Recorded information
Start of Block
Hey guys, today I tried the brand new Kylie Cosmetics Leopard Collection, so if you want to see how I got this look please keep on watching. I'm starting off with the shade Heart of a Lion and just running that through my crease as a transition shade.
End of Block
Start of Block
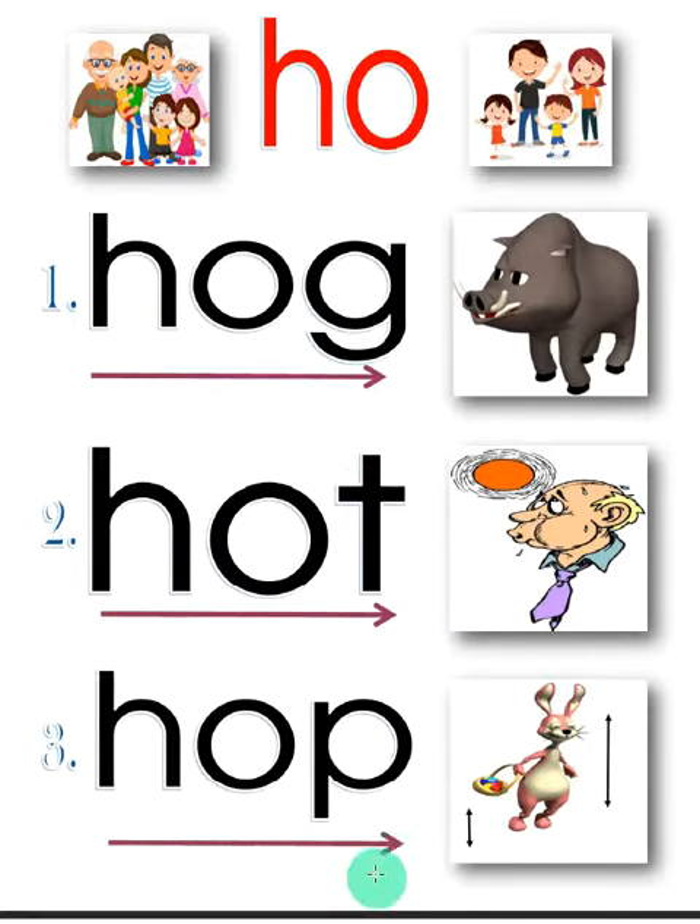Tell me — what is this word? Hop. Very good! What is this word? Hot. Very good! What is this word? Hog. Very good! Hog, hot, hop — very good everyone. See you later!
End of Block
Start of Block
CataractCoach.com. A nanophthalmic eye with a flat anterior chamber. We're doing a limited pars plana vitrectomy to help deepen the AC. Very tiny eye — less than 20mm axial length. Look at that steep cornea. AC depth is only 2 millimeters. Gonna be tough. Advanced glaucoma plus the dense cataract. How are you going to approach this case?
End of Block
Description of the task
Go through the entries above and copy each line with "that" in it.

Result for this task
Hey guys, today I tried the brand new Kylie Cosmetics Leopard Collection, so if you want to see how I got this look please keep on watching. I'm starting off with the shade Heart of a Lion and just running that through my crease as a transition shade.
CataractCoach.com. A nanophthalmic eye with a flat anterior chamber. We're doing a limited pars plana vitrectomy to help deepen the AC. Very tiny eye — less than 20mm axial length. Look at that steep cornea. AC depth is only 2 millimeters. Gonna be tough. Advanced glaucoma plus the dense cataract. How are you going to approach this case?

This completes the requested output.